Work order:
Without including any images, output the listing below exactly.

Information shown:
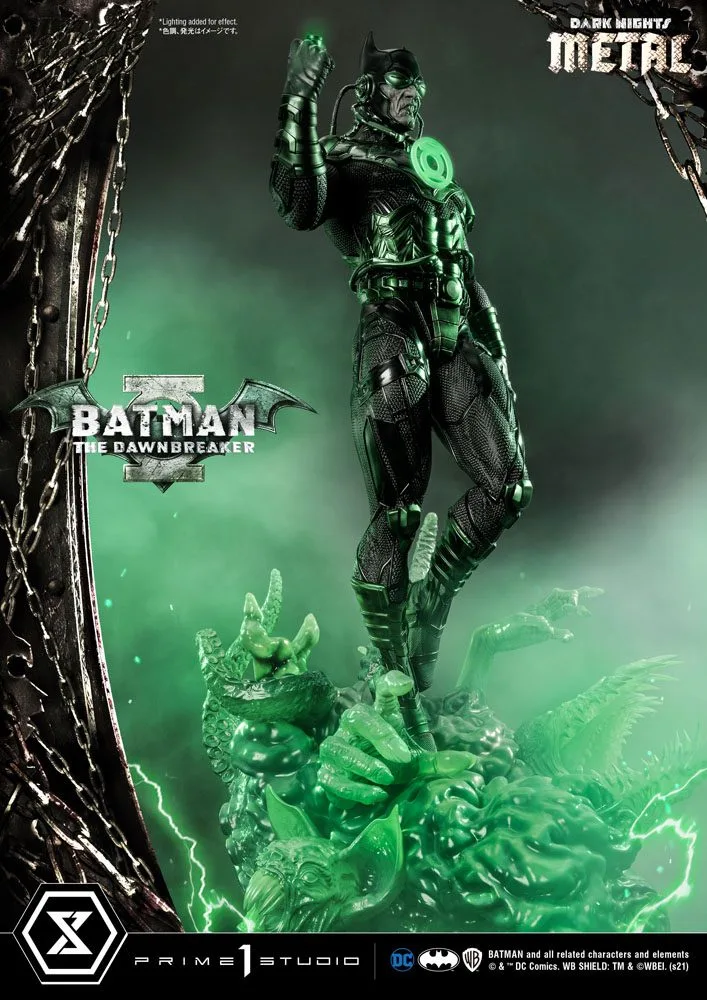 Dark Nights Metal Statue – The Dawnbreaker 1/3 Scale 89 cm 4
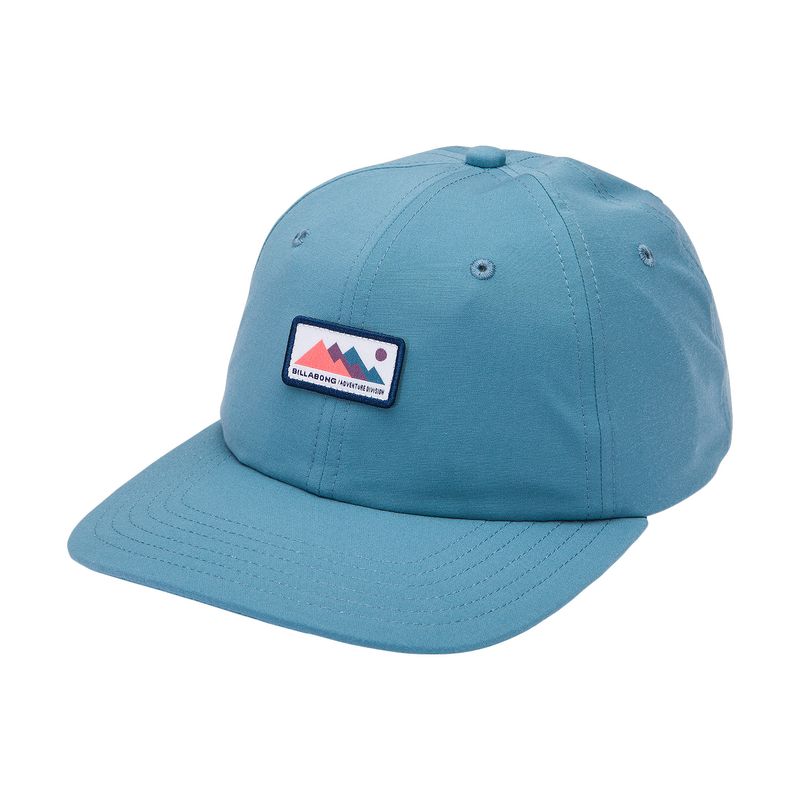 Gorro-Para-Hombre-Adiv-Trail-Snapback-Celeste-Billabong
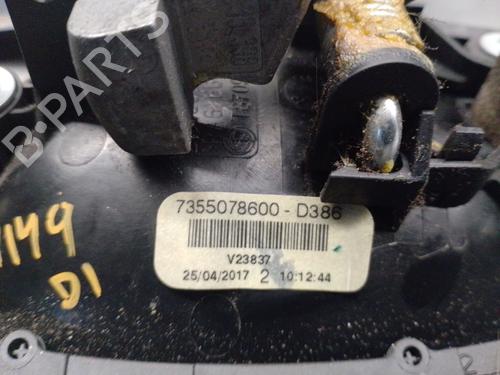 Front left exterior door handle PEUGEOT BIPPER Tepee 1.3 HDi 80 | BP30790806C128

Response area:
 Dark Nights Metal Statue – The Dawnbreaker 1/3 Scale 89 cm 4
 Gorro-Para-Hombre-Adiv-Trail-Snapback-Celeste-Billabong
 Front left exterior door handle PEUGEOT BIPPER Tepee 1.3 HDi 80 | BP30790806C128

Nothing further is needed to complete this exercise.